CPUC is a joke. They're among the worst and least-effective agencies in this state, which is known for its bloated and useless government agencies.
Hey, if anyone wants a cushy government job, they're looking for a new executive director.
No amount of oversight can keep these abuses from happening. For a brief and shining moment, the US had a vibrant and competitive DSL market. Then almost overnight, it was pretty much just Covad and the local telcos. And I wonder how much longer Covad will be around.
Just look at how the telcos (and the cable companies for that matter) have managed to snow the FCC, the courts, the regulators, legislatures and the public with their propaganda that requiring them to provide competitive access to their wires is tantamount to socialism, and they'd have no incentive to improve their networks.
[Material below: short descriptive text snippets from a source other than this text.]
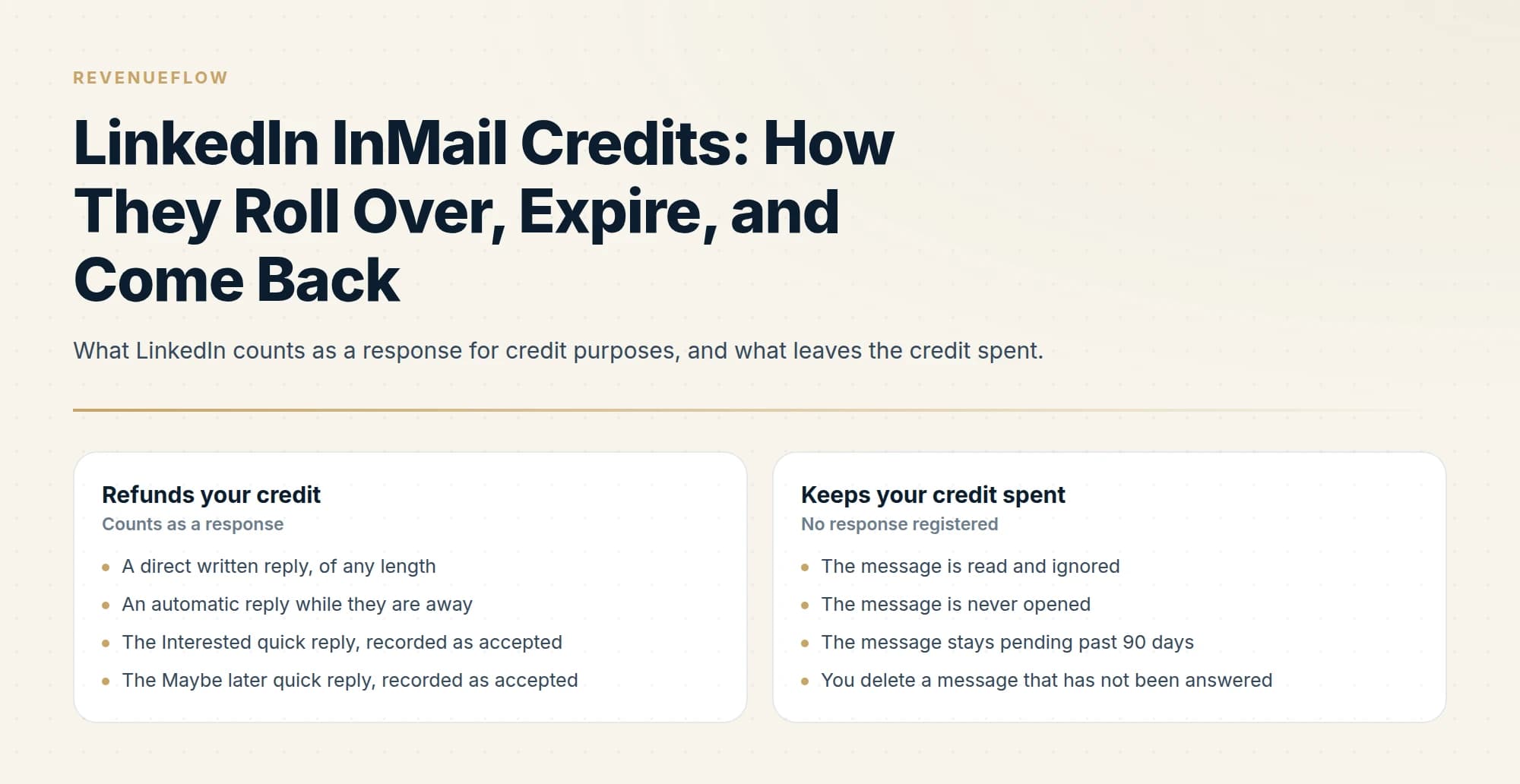What LinkedIn counts as a response for credit purposes, and what leaves the credit spent.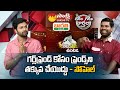 Syed Sohel Ryan Exclusive Interview After Bigg Boss 4 Telugu | Garam Sathi | Sakshi TV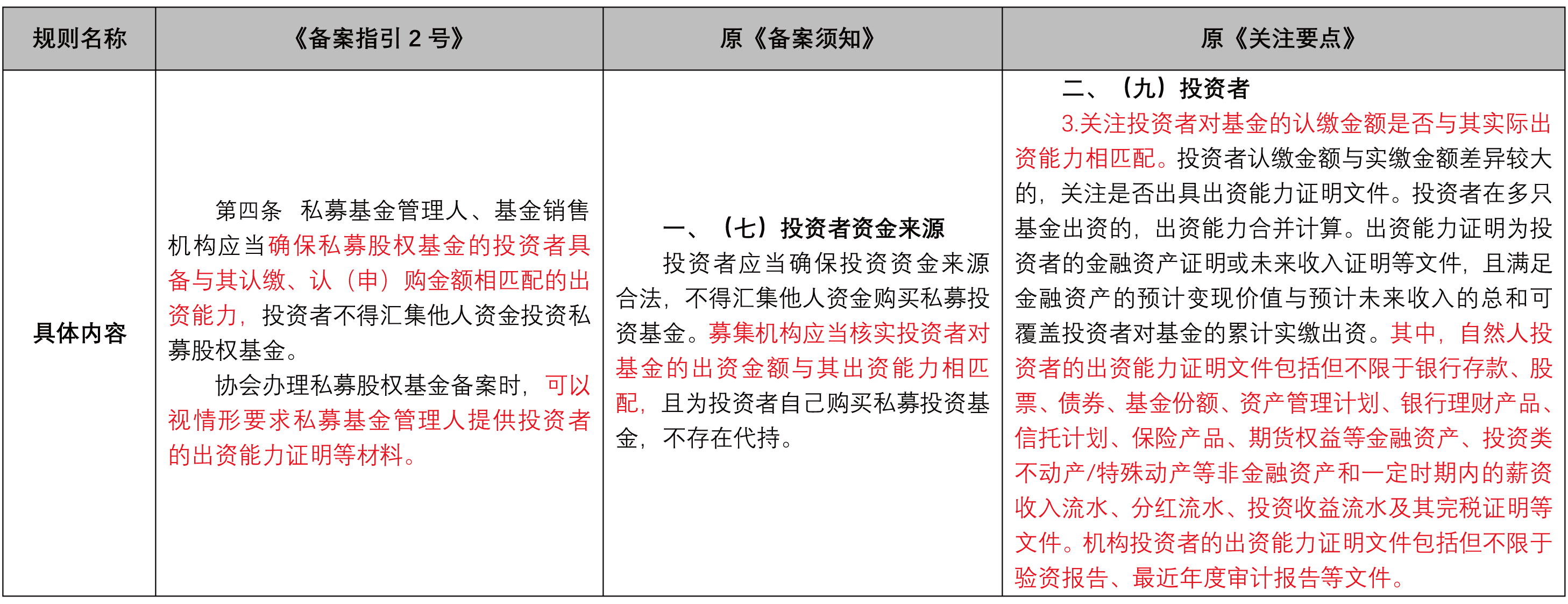 统合与优化——私募股权基金备案新规解读| 北京金诚同达律师事务所_JT&N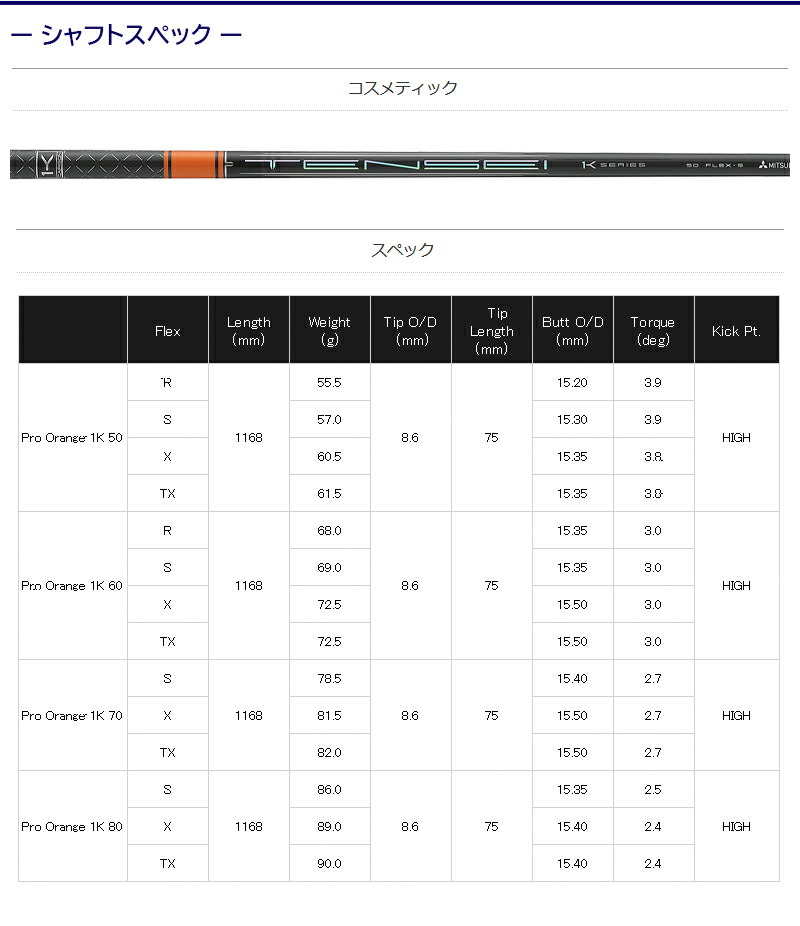スリクソン スリーブ付きシャフト 三菱ケミカル TENSEI Pro Orange 1K
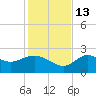 Alligator Point tide chart for Thursday, November 13, 2025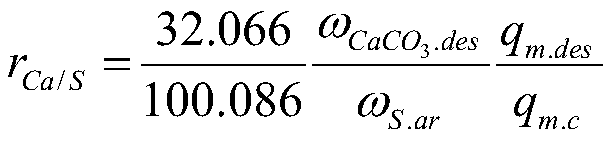 A Calculation Method of Circulating Fluidized Bed Boiler Performance Based on Calcium Balance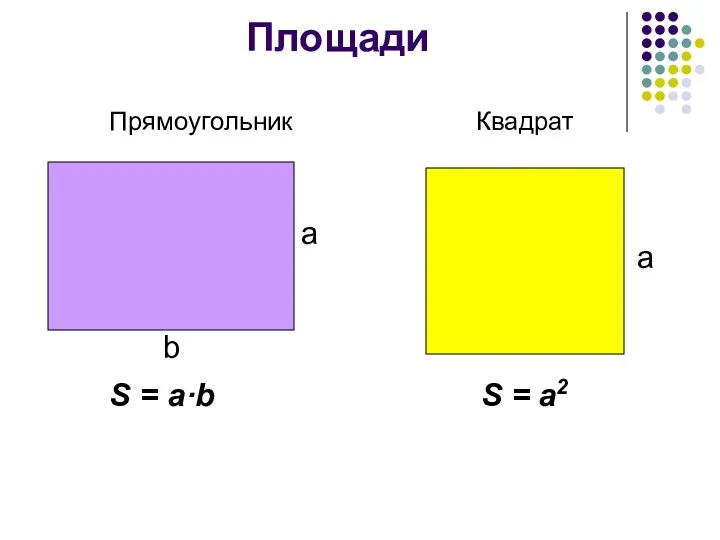 Площади Квадрат Прямоугольник а b S = a·b S = a2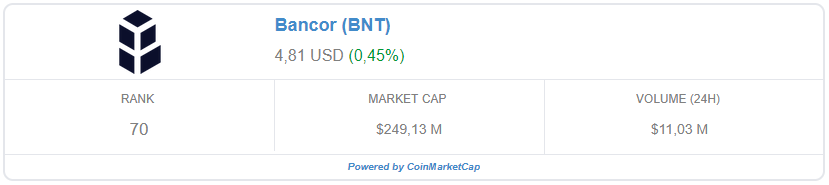 Bancor BNT market Capitalization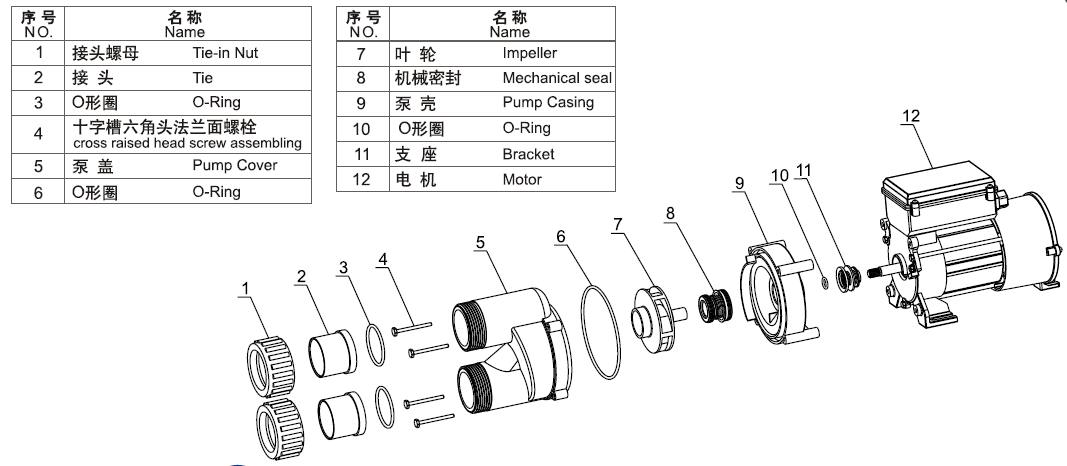 WCD WBD WAD Bathtub Pump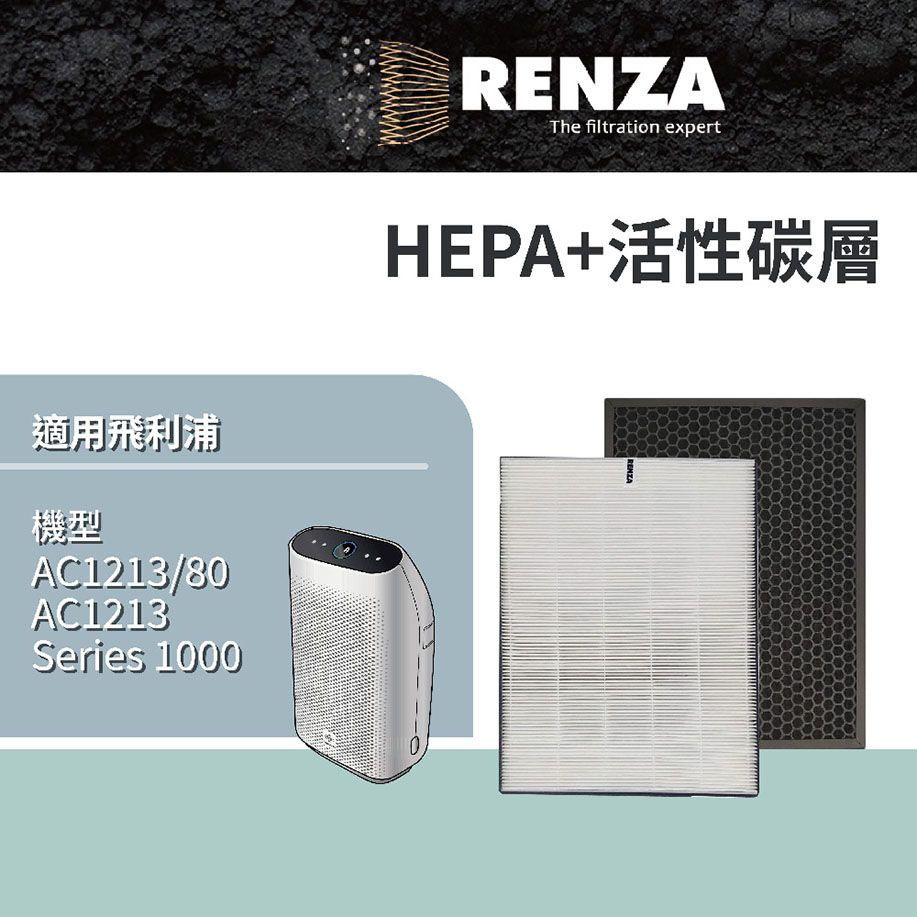 RENZA HEPA加活性碳 適配 PHILIPS 飛利浦 空氣清淨機濾芯 AC1213/80 同 FY1410 FY1413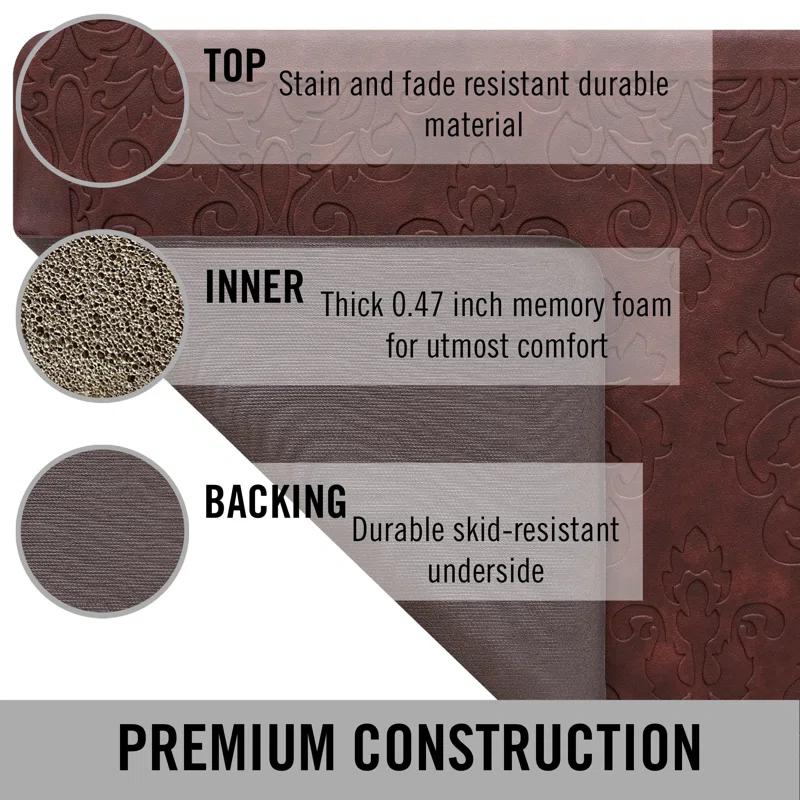 Chef Gear Embossed Soothing Comfort Anti-Fatigue Mat Set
Horse puckey! They might have a point if they were being required to provide access to their wires for free, but that ain't the case. Competitors are required to pay (often substantial) fees to use those wires. But the mere notion of being required to sell their wires to competitors is anathema to the phone and cable companies who are salivating at what they can do with their monopoly positions.
I see only two ways out. Municipalities could set up utility departments that would lay new wire and/or fiber along public rights of way and sell access on a nondiscriminatory basis. Or the telcos and cable companies could be required to divest their outside wire and cable plants into financially independent entitites banned from actually selling any switched services based on those wires. The outside plant companies would be required to market access to those wires, on a tariffed and non-discriminatory basis, to resellers who would compete in offering actual services to the public.
This is hardly a radical proposal, based as it is on a century of experience with common carrier regulation and antitrust law.